When I came to work the next day, I saw a picture of the notorious Hafiz Saeed under the most popular category. At first I didn’t realise that my piece had made it to that spot. Without any more deliberation, I opened the link. Not only did the blog make it to the most popular category, it was also the one with most comments.

I felt a sense of personal fulfillment. Being an introvert, I never feel like sharing achievements with my fellow. On that particular day, however, I decided to break ‘kayfabe’. I shared the link with my fellows and continued with the routine work. Few hours into my duty and I got a text from one of my colleagues that The Times of India had shared my piece.

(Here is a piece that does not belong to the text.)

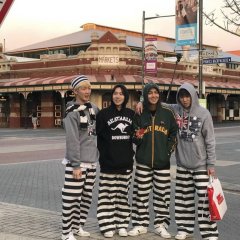Youth Over Flowers : Australia (2017) foto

I was thrilled at first because, for me, it was one of those rare moments of achievement. I opened TOI’s website and read their version of my piece. The title, 'We are on verge of global isolation', Pakistani media warns government and security agencies, looked a bit odd to me.

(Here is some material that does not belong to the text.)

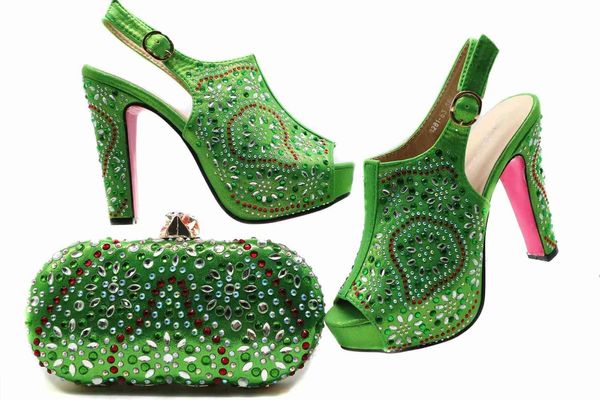 2021 imitation leather shoes bag set rhinestone with pointed fish mouth high heels thick heels sandals hand, Black
2021 imitation leather shoes bag set rhinestone with pointed fish mouth high heels thick heels sandals hand, Black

After going through TOI’s version of my piece, I began to look into the most difficult and hilarious part: the comments. Difficult because you are never sure what’s in store for you in the comments section; hilarious because there is an endless war of words among ‘brains’, with no logical conclusion.

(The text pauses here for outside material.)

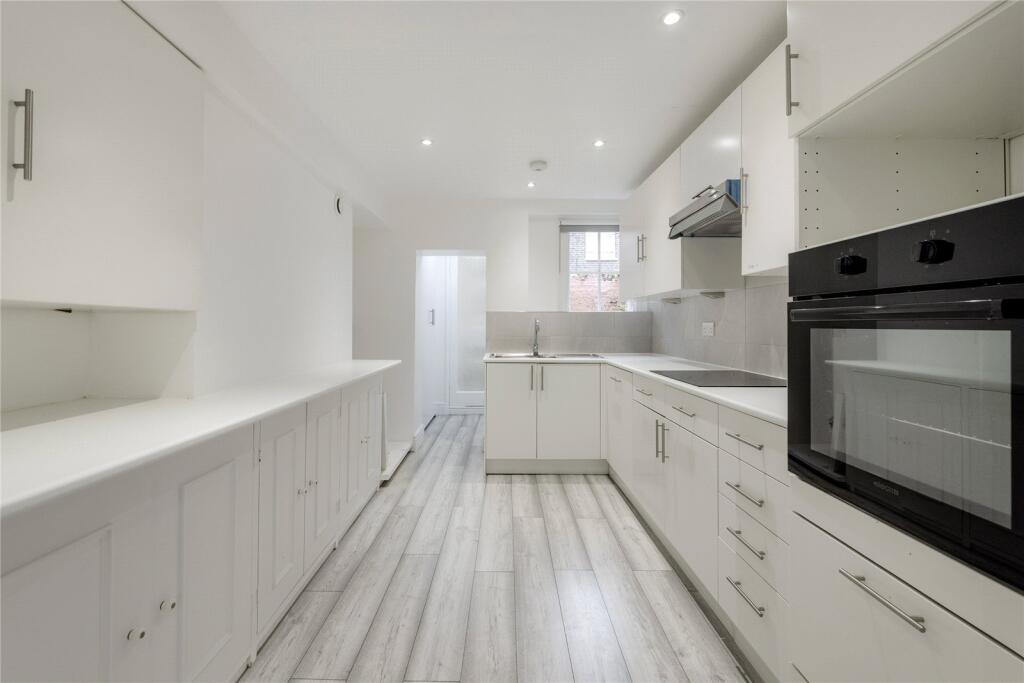 House in London - More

Of course, there were tonnes of praises from across the border; some praised 'Pakistani media’s bravery'; TOI’s version made me realise that I now represent whole of the Pakistani media. Others credited the ‘Modi effect’ for the ‘sudden’ change. To a few ‘patriots’, however, Manik Aftab was a ‘traitor’ and a ‘Raw agent’.

To all the ones who emailed me, I appreciate their feedback.

Back in the comments section of The Nation, someone mentioned about “1000 more dollars” in my bank account “to publish confirmation of Indian fake surgical strike”.

I am still trying to trace those $1,000.

Back home, my folks told me not to write about things “that will get you into trouble”. They came up with every news item they could of the missing persons. I thought they were trying to convince me by using fear tactics. To them I was no Hamid Mir. To me, well, they were no Batman. My friends were of the view that my writing did strike, but it struck at the wrong time.

Perhaps I should avoid controversy at such cold times, when two nuclear-armed neighbours are on the verge of declaring a war on each other; when Pakistani artistes are being refused entry into Bollywood; when social media hatred is at its peak; when claim are being made that ‘Kashmir is an integral part of India’, although the former is an internationally recognised disputed territory.

Nah! I’ll just keep on writing. Not for polarising a few idiots, but for myself. My sincere apologies, haters!